He sent Copley their location.

~~

_He is drowning. The water burns his throat, his eyes, his lungs. The water is as cold and dark as a Russian winter but his lungs burn and burn and burn._

He snapped awake earlier than usual, reaching for his gun as the bed beside him shifted. Nile. She was sitting up, gasping for breath. “Sorry. Just a bad dream.” He settled back with a sigh.

“Tell us,” Nicky said. Booker stared at a peeling patch of wallpaper across the room, the pattern drifting in and out of focus. He did not need to hear about Quỳnh’s screams and bloody fists. He did not need to hear Quỳnh’s story. He did not need to see the look on Andy’s face. He was already desperately familiar with those things.
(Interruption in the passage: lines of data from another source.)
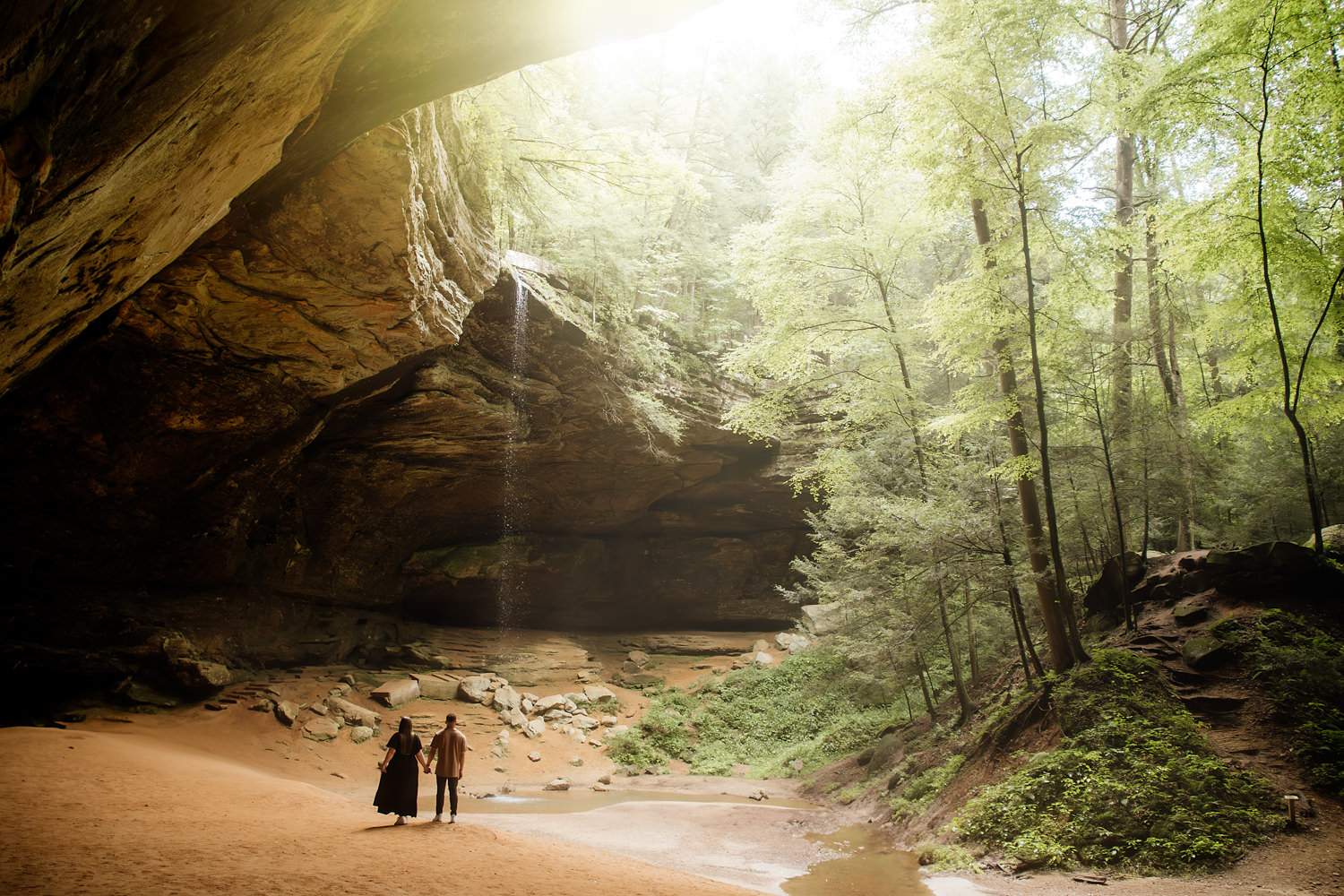 A wide view of Ash Cave with a light flare at the top of the cave rim and a tiny couple at the bottom holding hands.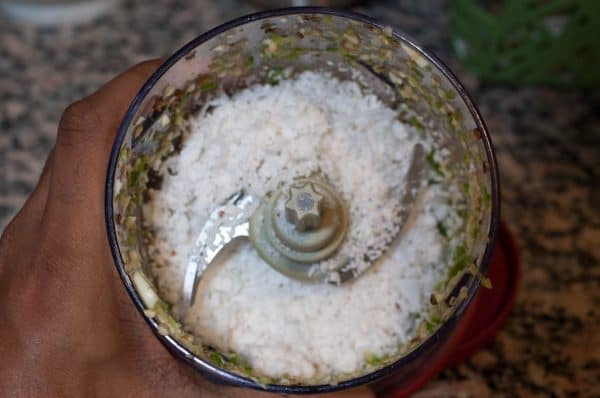 Grated coconut, green chilies, and garlic in a blender jar.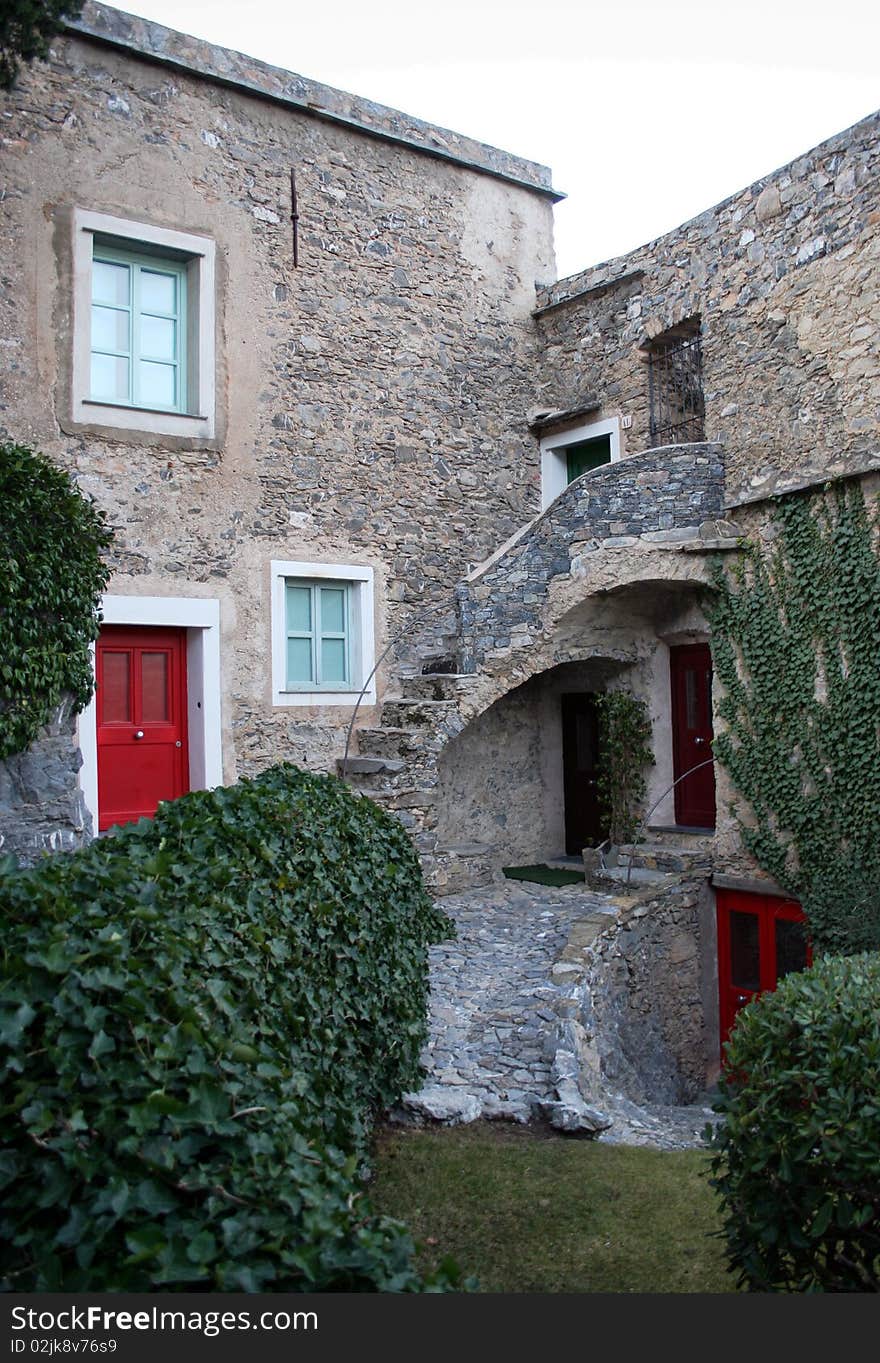 Stone house and courtyard in an italian village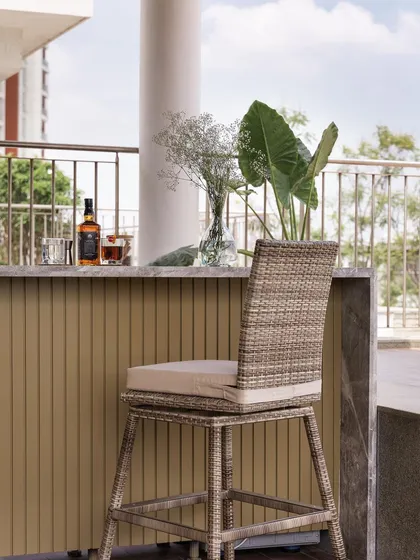 We designed this expansive outdoor bar unit for a terrace entertainment zone. It features weatherproof fluted panels and a durable marble countertop, perfect for sundowners.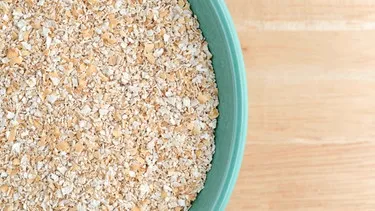 Haferkleie in einer hellen Schüssel mit einem Holzlöffel, bereit zum Verzehr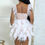 Thumbnail: Back view of the Feather Theory sequin mini dress featuring dramatic white feather trim and a fitted silhouette.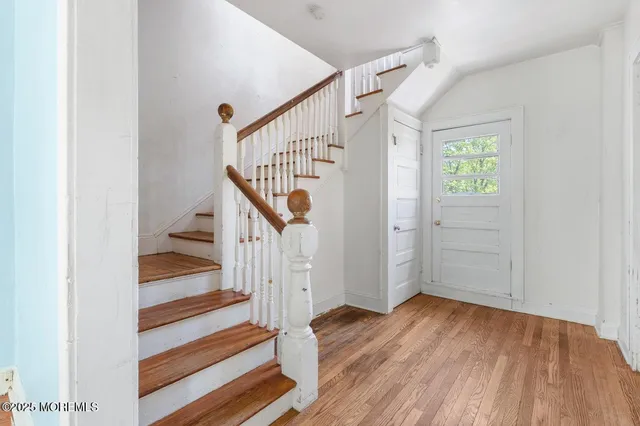 a view of entryway and hall with wooden floor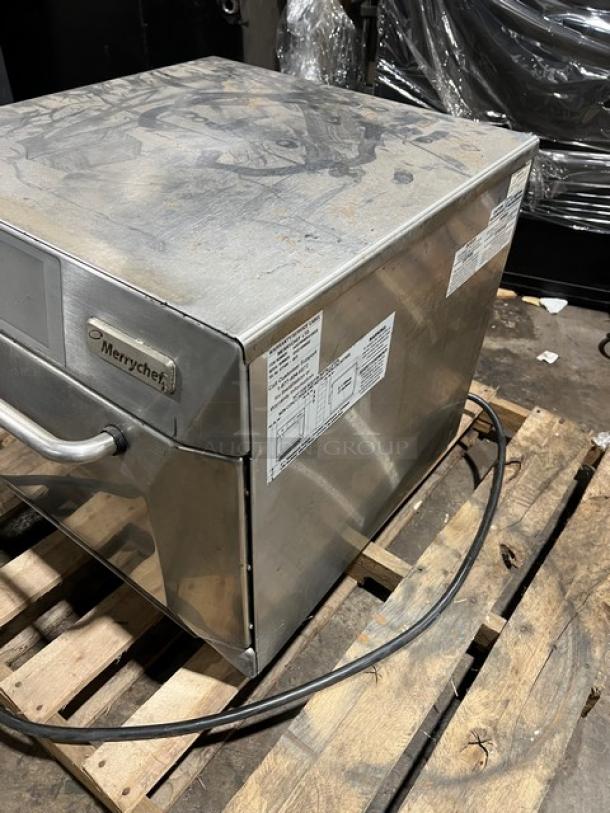 Late model Merrychef eikone4s stainless steel rapid cook convection oven with digital touch controls, visible model and power labels.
What exactly had they done to deserve this cruelty? Nothing. They had done nothing. Andy did not deserve to lose her love, Joe and Nicky did not deserve to lose their friend. Quỳnh did not deserve to die over and over and over again. With no way out. And always with the threat it might happen again. To any of them.

“Booker.” Joe’s voice reached him through the depths. “Booker.” A hand on his shoulder. Booker blinked round the room. He and Joe were the only ones in it. “Are you ok?”

“Yeah. Zoned out for a second there, sorry. Can’t get a decent night’s sleep around here.” Joe chuckled but he still looked worried. “Where are the others?”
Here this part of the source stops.